KWONG: Hey, Rebecca Hersher.
HERSHER: How do you get around? Like, do you drive? Do you take the bus, walk?
KWONG: I run. I run everywhere - up and down the streets, all around...
HERSHER: (Laughter) Sure.
HERSHER: Sure. Sure. Yes. You're in amazing shape. You run everywhere.
KWONG: (Laughter) No. No, no, no. I'm really not. It's not even humanly possible to run everywhere I'd like to. So I usually Metro. I take a lot of public transit. Sometimes I drive, especially when I come to visit you and say hello. What do you do?
HERSHER: I like to bike, but if I'm being honest, I also drive a lot. And I have a gas car, so I think about climate change a lot when I do that.
KWONG: But, you know...
HERSHER: I know.
KWONG: ...That's how you get around.
HERSHER: But when you drive, because you do drive sometimes, do you ever wonder, like, how much carbon dioxide is this car releasing?

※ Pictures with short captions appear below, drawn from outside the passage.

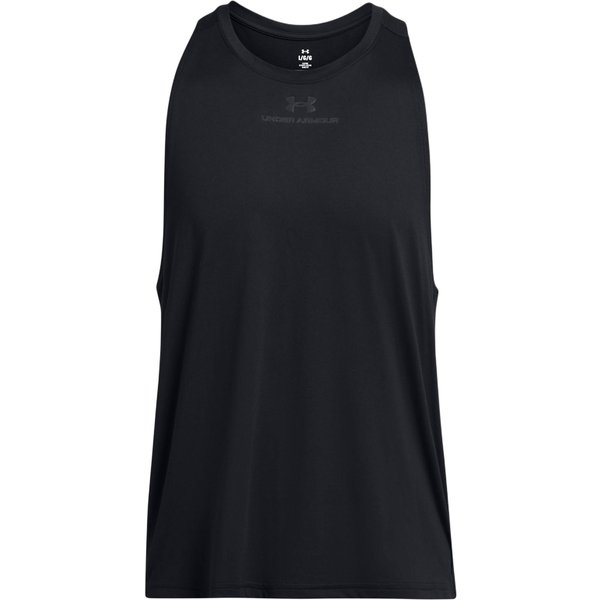 Camiseta Sin Mangas Para Hombre Under Armour Negra 1382802-001 LG Black-image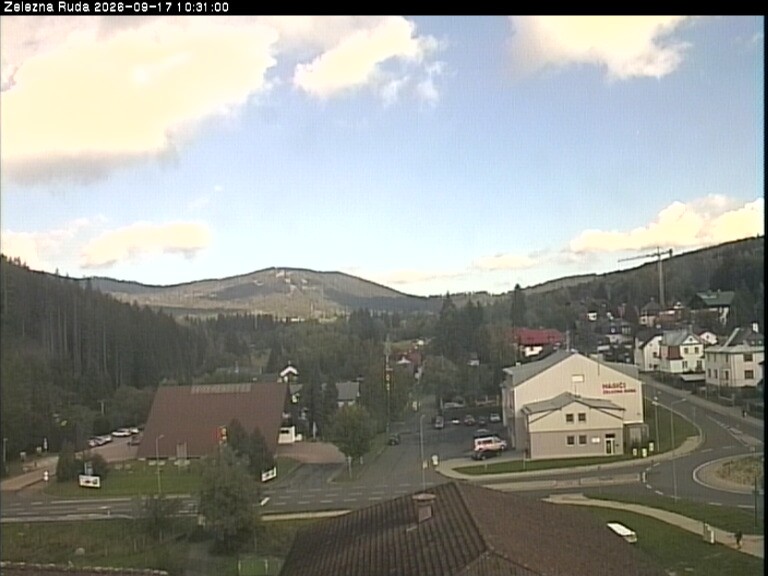 Archiv Foto Webcam Zelezna Ruda: Im Ort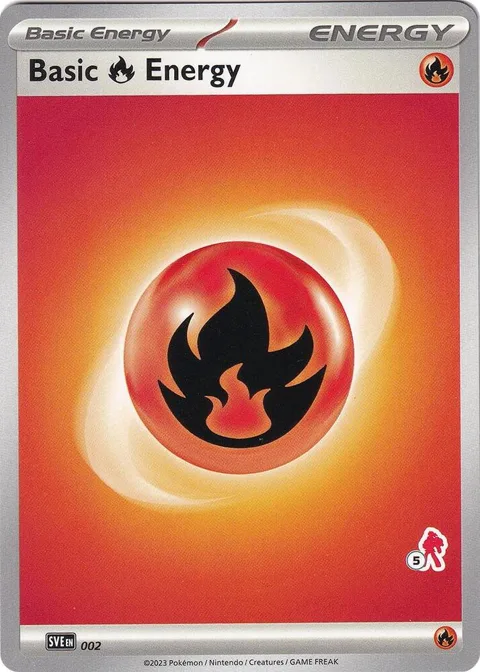 Basic Fire Energy - Armarouge 5 #002 Pokémon card from Battle Academy 2024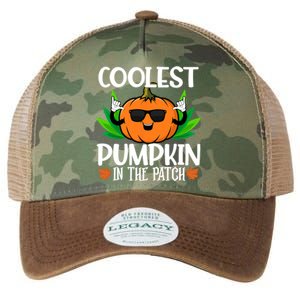 Coolest Pumpkin In The Patch Sunglasses Pumpkin Halloween Gift Legacy Tie Dye Trucker Hat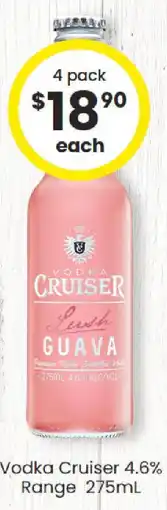 The Bottle O Vodka Cruiser 4.6% Range offer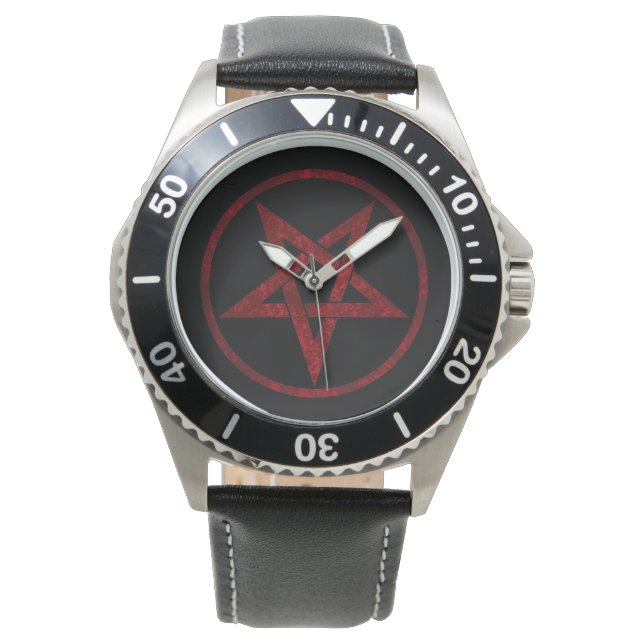 Red Devil Pentagram Armbanduhr (Vorderseite)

KWONG: Yeah. Actually, there should be a word for this anxiety, like your carbon-footprint anxiety. It mostly happens to me when I order something online. You know, I see a lot of stuff, and then I'm like, ooh, Emily, don't buy that. Shop local. What are you doing? I also experience this when I buy meat at the grocery store. All I can think about is the methane emissions.
KWONG: But I don't want to give up meat, either. I mean, there's just so many forms of greenhouse gases that are inextricably linked to how we live.
HERSHER: Yeah. Totally. And we, like, humanity - large we - need to know exactly how much greenhouse gas pollution is being released. Like...
HERSHER: ...You need that information if you want to predict how quickly climate change will happen in the future.
KWONG: You make good points. It's true. But it's causing me to think about this differently. I mean, greenhouse gases, we can't see them. How do we even measure all of them accurately?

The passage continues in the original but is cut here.